When the string "Chapter" appears in a line of the records, show the whole line.

· · ·

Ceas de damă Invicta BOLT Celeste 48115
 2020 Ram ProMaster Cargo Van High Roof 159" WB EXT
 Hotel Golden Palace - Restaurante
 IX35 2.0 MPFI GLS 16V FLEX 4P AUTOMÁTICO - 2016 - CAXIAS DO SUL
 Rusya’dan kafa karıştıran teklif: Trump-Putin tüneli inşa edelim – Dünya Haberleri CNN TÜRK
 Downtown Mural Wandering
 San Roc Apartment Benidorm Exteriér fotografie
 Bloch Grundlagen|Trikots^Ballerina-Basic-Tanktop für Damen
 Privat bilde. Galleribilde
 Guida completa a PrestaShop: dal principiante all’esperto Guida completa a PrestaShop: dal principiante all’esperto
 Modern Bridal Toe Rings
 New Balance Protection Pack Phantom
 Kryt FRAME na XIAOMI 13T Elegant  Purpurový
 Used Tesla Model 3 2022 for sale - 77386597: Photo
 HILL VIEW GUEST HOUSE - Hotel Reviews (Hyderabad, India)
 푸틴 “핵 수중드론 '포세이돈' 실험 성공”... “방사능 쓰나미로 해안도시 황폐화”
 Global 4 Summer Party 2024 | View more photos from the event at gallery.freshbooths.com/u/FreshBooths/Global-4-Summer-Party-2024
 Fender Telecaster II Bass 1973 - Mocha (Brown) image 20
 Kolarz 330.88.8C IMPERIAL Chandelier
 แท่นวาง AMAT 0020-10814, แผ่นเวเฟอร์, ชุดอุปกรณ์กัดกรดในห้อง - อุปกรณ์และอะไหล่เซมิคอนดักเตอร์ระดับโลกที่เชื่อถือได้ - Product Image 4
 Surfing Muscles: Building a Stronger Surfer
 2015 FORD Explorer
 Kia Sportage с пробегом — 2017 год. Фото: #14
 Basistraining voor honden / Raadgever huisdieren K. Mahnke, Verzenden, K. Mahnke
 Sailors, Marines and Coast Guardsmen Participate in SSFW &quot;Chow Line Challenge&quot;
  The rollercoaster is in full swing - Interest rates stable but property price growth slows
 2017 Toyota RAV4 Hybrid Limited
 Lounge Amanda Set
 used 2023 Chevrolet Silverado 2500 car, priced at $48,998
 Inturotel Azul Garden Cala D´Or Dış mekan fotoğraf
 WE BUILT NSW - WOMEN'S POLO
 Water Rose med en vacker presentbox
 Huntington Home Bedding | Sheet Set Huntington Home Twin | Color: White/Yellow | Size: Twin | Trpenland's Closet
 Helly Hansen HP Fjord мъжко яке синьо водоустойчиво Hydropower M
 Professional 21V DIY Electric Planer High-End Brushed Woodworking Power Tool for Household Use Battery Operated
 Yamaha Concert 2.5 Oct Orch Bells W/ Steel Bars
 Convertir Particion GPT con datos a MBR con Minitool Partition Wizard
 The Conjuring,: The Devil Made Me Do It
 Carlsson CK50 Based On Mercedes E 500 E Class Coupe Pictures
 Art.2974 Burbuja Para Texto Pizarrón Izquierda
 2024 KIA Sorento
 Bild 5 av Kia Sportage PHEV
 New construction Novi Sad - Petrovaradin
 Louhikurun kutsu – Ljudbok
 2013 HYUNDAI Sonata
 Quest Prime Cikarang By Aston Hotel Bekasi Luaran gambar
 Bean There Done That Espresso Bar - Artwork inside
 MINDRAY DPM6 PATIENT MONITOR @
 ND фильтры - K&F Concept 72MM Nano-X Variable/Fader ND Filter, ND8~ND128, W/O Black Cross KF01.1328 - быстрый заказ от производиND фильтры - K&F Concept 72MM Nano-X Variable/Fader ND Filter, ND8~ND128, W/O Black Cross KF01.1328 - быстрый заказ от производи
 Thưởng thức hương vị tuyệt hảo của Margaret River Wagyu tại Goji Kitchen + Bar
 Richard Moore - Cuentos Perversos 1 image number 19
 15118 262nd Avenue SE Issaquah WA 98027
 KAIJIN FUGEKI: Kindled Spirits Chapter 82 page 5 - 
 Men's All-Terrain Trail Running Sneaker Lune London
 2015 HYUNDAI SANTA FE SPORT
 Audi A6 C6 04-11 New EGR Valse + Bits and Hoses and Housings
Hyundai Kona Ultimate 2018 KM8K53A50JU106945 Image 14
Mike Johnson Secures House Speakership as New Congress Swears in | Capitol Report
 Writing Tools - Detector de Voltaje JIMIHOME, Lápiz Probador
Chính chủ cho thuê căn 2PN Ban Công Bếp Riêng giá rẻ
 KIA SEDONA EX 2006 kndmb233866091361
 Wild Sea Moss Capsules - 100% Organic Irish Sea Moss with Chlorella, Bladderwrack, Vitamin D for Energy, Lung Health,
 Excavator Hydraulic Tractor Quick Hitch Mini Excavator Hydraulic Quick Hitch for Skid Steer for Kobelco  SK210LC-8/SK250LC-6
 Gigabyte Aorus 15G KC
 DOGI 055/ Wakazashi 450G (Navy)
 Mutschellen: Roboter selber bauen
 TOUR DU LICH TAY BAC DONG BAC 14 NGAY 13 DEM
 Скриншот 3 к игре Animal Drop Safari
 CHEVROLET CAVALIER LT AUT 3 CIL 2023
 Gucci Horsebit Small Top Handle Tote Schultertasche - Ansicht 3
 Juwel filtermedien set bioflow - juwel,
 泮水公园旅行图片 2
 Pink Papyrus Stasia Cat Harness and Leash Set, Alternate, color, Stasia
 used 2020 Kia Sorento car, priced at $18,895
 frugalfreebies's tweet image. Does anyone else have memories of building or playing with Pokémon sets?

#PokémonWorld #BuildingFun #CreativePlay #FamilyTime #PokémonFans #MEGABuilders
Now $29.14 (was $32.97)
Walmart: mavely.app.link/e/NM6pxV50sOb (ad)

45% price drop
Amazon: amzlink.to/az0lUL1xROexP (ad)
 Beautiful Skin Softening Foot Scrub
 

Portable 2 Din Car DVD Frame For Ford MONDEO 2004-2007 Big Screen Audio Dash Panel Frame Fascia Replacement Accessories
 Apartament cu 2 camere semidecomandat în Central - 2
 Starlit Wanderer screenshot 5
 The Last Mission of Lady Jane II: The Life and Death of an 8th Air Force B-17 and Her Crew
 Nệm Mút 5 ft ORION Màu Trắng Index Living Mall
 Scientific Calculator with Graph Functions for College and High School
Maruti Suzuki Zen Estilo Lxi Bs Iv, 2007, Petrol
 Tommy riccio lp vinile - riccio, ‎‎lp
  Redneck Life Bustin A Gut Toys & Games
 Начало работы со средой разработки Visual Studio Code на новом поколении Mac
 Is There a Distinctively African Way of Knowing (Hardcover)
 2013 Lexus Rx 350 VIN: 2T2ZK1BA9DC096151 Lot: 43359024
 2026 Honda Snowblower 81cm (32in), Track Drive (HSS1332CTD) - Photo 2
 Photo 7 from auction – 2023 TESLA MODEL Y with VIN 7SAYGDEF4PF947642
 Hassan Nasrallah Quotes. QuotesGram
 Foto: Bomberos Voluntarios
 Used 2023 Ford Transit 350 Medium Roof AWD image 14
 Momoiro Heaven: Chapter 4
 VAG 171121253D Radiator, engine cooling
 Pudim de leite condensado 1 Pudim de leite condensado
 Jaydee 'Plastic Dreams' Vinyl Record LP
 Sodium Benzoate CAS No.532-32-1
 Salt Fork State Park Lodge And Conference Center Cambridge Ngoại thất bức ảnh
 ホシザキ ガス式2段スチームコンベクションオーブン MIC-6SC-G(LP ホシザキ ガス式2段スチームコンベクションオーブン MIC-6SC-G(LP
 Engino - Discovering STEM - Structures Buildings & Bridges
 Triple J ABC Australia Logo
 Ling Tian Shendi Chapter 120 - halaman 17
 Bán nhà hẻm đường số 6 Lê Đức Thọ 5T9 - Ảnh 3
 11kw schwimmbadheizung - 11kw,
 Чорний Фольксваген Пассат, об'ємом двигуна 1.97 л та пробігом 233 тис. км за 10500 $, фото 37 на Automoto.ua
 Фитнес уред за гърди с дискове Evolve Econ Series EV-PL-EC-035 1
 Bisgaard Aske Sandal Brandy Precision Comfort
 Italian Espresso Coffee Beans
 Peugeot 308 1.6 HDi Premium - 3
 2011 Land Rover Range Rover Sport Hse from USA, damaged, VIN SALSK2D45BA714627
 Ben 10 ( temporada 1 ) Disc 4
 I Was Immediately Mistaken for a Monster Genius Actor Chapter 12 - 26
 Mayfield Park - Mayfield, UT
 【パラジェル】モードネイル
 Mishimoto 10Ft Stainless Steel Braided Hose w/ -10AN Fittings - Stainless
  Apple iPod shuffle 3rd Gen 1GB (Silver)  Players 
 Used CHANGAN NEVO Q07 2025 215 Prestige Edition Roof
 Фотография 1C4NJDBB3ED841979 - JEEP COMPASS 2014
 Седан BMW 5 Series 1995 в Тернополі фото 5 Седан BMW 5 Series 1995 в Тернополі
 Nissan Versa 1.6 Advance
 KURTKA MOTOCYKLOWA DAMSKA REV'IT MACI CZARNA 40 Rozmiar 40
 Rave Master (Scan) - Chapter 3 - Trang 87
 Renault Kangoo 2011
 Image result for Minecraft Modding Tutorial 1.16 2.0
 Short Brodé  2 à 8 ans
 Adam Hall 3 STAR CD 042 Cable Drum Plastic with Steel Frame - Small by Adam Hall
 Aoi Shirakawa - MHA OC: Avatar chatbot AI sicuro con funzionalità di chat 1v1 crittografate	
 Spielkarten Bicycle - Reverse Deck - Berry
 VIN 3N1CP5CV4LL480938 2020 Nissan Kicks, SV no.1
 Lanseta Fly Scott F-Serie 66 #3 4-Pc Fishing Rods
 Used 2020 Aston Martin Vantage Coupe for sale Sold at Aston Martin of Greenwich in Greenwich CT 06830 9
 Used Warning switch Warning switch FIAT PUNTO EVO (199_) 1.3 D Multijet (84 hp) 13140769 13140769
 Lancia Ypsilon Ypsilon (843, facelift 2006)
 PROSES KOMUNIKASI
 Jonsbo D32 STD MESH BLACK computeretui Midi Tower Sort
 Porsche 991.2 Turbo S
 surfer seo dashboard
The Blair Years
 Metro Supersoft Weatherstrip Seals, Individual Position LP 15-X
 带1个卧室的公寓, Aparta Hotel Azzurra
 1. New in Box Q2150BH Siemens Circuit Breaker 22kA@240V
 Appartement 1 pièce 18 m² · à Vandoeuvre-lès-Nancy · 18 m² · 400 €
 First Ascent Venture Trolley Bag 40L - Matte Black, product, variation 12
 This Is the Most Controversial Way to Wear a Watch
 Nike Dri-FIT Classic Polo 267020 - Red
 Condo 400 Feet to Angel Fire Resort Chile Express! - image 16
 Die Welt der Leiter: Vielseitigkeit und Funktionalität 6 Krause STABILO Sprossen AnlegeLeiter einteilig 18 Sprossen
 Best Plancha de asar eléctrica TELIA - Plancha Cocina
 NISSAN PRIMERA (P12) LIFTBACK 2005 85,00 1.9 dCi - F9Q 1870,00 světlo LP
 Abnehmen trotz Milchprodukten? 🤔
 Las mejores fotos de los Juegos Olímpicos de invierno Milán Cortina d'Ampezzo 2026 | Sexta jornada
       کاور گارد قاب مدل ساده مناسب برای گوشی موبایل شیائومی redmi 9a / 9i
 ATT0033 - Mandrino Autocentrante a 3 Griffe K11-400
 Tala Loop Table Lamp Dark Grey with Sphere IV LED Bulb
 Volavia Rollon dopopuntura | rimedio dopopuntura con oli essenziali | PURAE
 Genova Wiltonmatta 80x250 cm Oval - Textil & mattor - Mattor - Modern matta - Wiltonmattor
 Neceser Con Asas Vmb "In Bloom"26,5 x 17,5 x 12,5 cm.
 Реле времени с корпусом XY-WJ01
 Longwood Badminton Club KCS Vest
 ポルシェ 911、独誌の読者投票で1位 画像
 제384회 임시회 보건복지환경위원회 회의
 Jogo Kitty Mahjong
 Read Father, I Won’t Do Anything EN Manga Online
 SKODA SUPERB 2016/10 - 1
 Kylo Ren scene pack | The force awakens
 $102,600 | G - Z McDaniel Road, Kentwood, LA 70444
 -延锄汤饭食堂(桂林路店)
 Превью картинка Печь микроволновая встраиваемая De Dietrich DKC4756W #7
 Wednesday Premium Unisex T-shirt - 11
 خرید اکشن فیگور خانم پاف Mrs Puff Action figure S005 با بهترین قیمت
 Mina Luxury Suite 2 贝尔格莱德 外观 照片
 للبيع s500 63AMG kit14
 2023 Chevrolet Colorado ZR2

· · ·

RESULT FOR THIS TASK →
 KAIJIN FUGEKI: Kindled Spirits Chapter 82 page 5 - 
 Momoiro Heaven: Chapter 4
 Ling Tian Shendi Chapter 120 - halaman 17
 I Was Immediately Mistaken for a Monster Genius Actor Chapter 12 - 26
 Rave Master (Scan) - Chapter 3 - Trang 87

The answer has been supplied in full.